Empey would seem to be finished as an influential Ulster Unionist. He needed to capture at least three of the north’s 18 seats to prove his political marriage with the Tories was a vote winner. However, for the first time since the Ulster Unionist Council – the UUP’s governing body – was formed in 1905, the party has come out of a Westminster general election having failed to win a single seat. This humiliation was compounded by the fact that Sylvia Hermon, who quit the UUP in protest at the link-up with the Tories to stand as an independent, retained her seat with an increased majority.
Empey’s successor is likely to be either the centre-right Danny Kennedy, who is currently the party’s deputy leader, or the more liberal Basil McCrea. Both are high-profile members of the Northern Ireland Assembly.
By contrast with the UUP and TUV, the defeat of the DUP’s leader did not signal electoral disaster for the party elsewhere. It held on to eight of its nine seats, albeit with slightly reduced majorities.
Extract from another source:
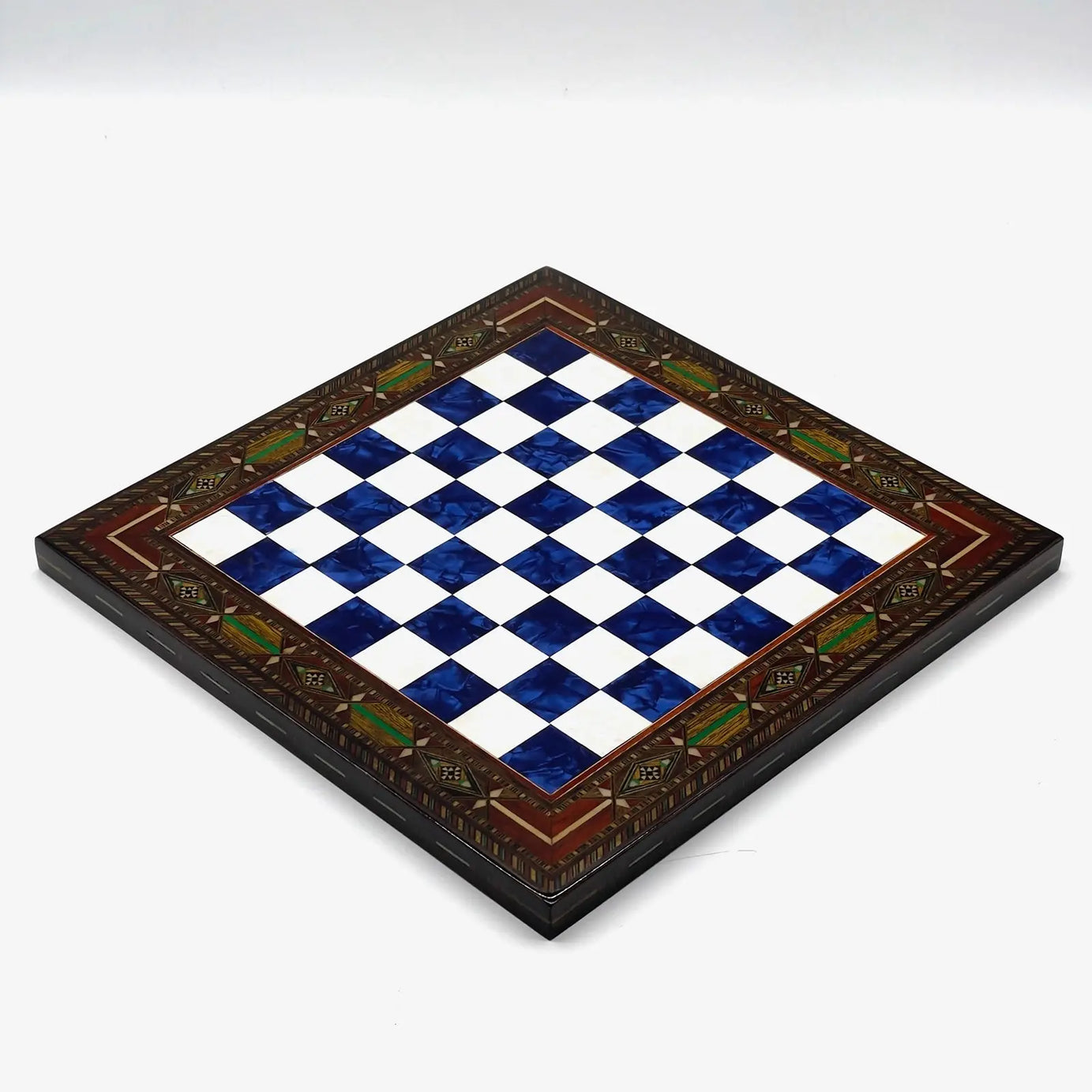12" Handmade Luxury Blue White Wooden Chess Board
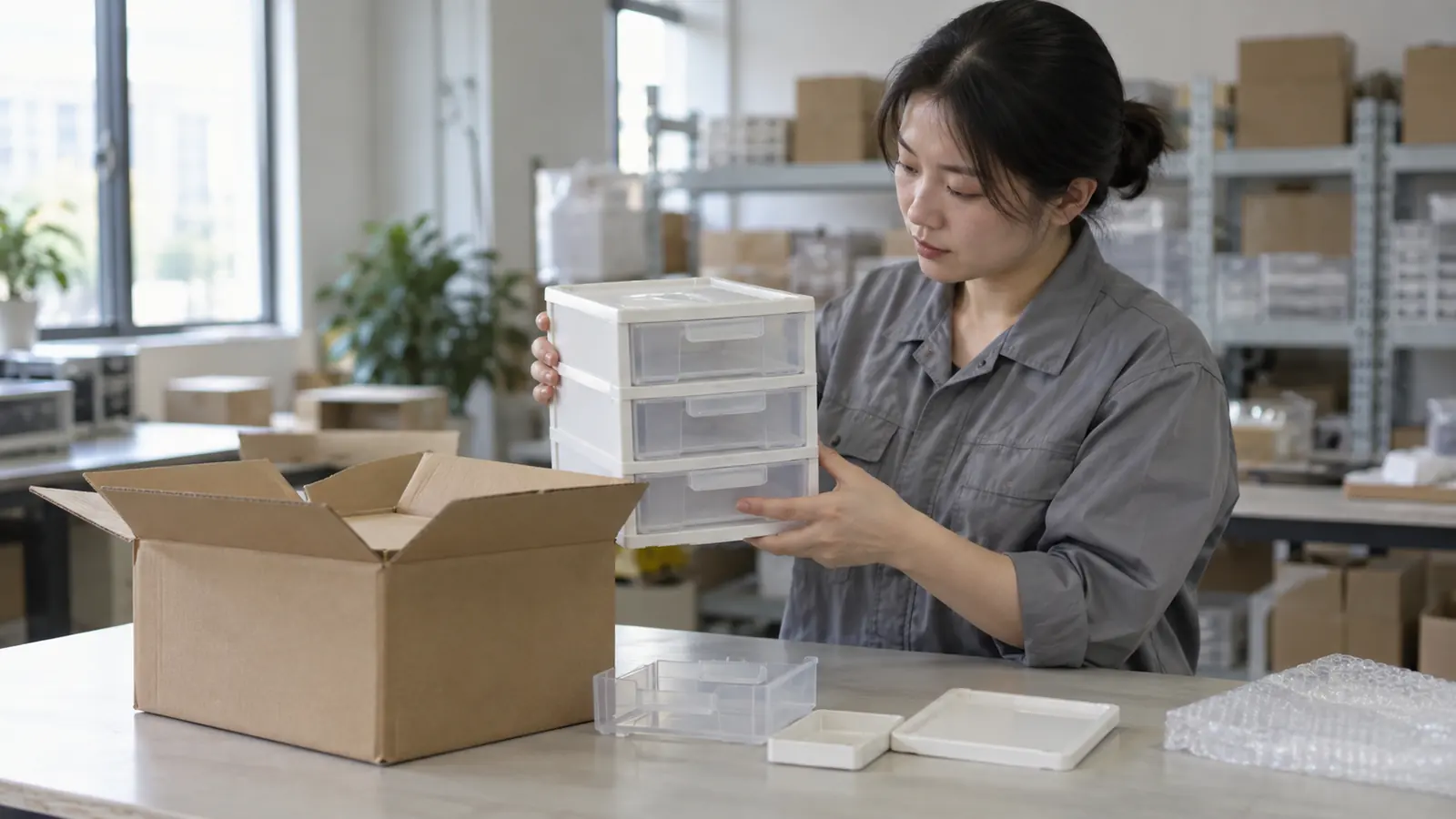 Worker checking an unbranded product sample and its packaging at a sourcing table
With TUV leader Allister failing to prevent the continuation of a 40-year Paisley dynasty in North Antrim, it is now clear the vast majority of grassroots Unionists want Stormont to work and the Tories to clear off.
Robinson pledged to continue as First Minister, but his long-term political future must be in serious doubt. The favourite to succeed him as DUP leader is Fermanagh-based executive minister Arlene Foster. The other strong contender is North Belfast MP and fellow Stormont minister Nigel Dodds. Paisley junior has an outside chance and at the very least will be in the inner circle of future DUP decision-making
As far as some of them are concerned, the priority for Unionists ought to be to achieve political unity by establishing a single pro-Union party which might then be able to mobilise the apathetic Protestant vote, now estimated to be well over the 100,000 mark.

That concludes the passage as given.